Problem requirements. Return the tail of the records exactly, starting from the line containing "آیا سرطان بدخیم" and ending with the final line.

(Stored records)
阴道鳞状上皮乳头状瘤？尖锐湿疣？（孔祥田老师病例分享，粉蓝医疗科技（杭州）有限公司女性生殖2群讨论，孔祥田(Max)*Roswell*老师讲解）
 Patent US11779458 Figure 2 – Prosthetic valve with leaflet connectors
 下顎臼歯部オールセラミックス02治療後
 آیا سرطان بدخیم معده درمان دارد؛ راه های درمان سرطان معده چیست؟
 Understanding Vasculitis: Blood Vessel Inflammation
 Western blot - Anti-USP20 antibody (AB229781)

Output below.
 آیا سرطان بدخیم معده درمان دارد؛ راه های درمان سرطان معده چیست؟
 Understanding Vasculitis: Blood Vessel Inflammation
 Western blot - Anti-USP20 antibody (AB229781)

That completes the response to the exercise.